Après cet article qui, je l'espère, vous a mis l'eau à la bouche, je repars au début de mon voyage, soit le mardi 21 juilet, pour continuer ensuite chronologiquement; et cela afin de vous exposer tout mon voyage, toutes mes aventures. Et pourtant, je suis (ou espère être) modeste, avec une tendance à la timidité. Mais comme de nombreuses personnes n'ont pas eu l'occasion d'aller au Brésil, je cède aux voeux de mon entourage. Avec mon sens inné de l'écriture (bon, oublions le "modeste"), je vous dévoilerai cet endroit merveilleux.
Mardi matin, toute la famille part jusqu'à l'aéroport de Roissy, départ à 10H30. Moment émouvant avant de partir, bien évidemment. Puis je m'enfonce dans la file d'attente. Je vois toujours Rémy qui fait de grande signes, les filles qui sèchent leurs larmes.
Le wagon. Encore une file d'attente. La sécurité. Oups! Plus beaucoup de temps! C'est bon, j'arrive à l'entrée. Encore un peu d'attente. Et bingo, je m'installe, je me colle au hublot, prêt à attendre le décollage! Pardonnez mon impatience, mais c'était la première fois que je prenais l'avion.
Bien sûr, je n'ai pas été déçu: c'est un assez beau spectacle, avec une certaine tendance à la magnificence. Les petits maisons, les champs, les nuages cotonneux, filandreux ou veloutés; puis la mer à perte de vue. Ca laisse rêveur. Entretemps, je m'amuse aussi à regarder quelques films et à faire quelques jeux pc. Je tiens à préciser: ce pc était nul aux échecs et aux dames. Je conversationne aussi avec ma voisine, brésilienne et géologue. Heureusement, elle parle français, ça rend les choses plus faciles. Ce n'est pas avec les 30 heures que je vais me lancer dans un dialogue socratique.

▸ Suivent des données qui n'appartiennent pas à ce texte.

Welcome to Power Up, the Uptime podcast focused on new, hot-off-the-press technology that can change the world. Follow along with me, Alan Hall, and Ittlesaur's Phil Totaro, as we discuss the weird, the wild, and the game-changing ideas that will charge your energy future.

Arrivé à l'aéroport de Rio de Janeiro, j'arrive à peu près à me repérer. Je retrouve ma bonne vielle valise neuve (grâce à Lucie, avec les dessins du triskell et de la tête de mort version M. Barek, elle était assez facile à repérer), je flâne un peu dans le petit supermarché, puis me décide à savoir où passer la nuit. Après avoir révisé mon brésilien de poche pendant quelques temps, je me laisse guider par une bonne âme jusqu'à la pousada (hôtel-auberge) de l'aéroport. Bon, c'est 200 reais la nuitée. Les autres options: prendre un taxi pour aller dans le centre-ville pour y trouver un hôtel; soit rester dans l'aéroport et lutter contre le sommeil. Comme vous vous en doutez, j'ai préféré choisir le confort et la sécurité.
Réveil demain matin 7H00, je choisis d'arriver en avance. Précaution superflue, tout se passe très bien! Et c'est reparti pour un tour!

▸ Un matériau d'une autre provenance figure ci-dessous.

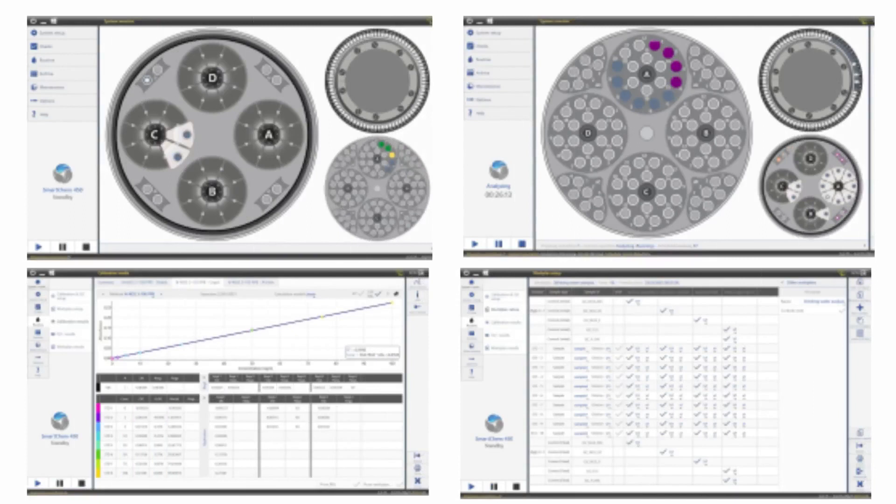SmartChem software simplifies routine work and allows complete control and operation of onboard reagent stock, samples, controls and calibrators, plus the status of the Q-8s in the reaction chamber. This software is compatible with LIMS. Once routine analysis is finished, all results are presented in a report that can be exported to LIMS.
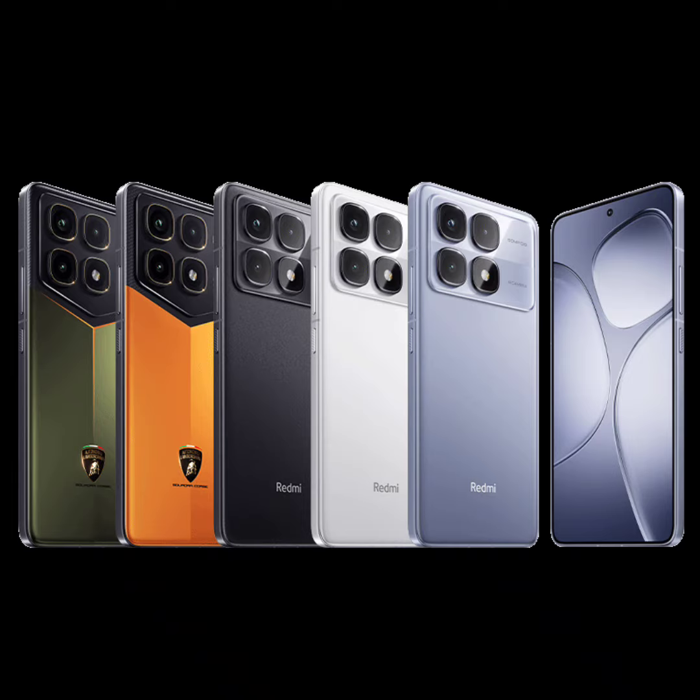A massive 5,500 mAh battery pack powers this device, which supports 120-watt wired fast charging. For optics, there are three image sensors on the rear and a selfie camera on the front.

Vers midi, arrivée à Florianopolis, ma destination finale. Je récupère ma valise, puis retrouve Véra Gaspar, avec qui j'ai conversé par mail depuis la France (encore merci Catitu pour ce contact!). Pour la présenter quelque peu, elle enseigne la pédagogie à l'université Udesc. Je précise, elle m'avoue assez rapidement que j'avais le look typique de l'étudiant en sciences humaines. Comme quoi, le destin...
Ensuite, Véra m'emmène à Lagoa da Conceição, au centre de l'île, où j'avais réservé à la pousada Estrela do Mar, "L'étoile de mer", dont vous avez une image juste au-dessus. On mange un morceau à un de ces restaurants au kilo, puis on se promène un peu. Ensuite, après son départ, je me précipite au cybercafé pour avoir et donner des nouvelles. C'est vrai que ç'aurait été plus pratique sur mon pc portable, si je n'avais pas oublié la batterie. No comment... Mais bon, il fallait bien oublier quelque chose, non? Enfin bref, je fais encore quelques courses, puis je rentre pour me reposer de toutes ces émotions.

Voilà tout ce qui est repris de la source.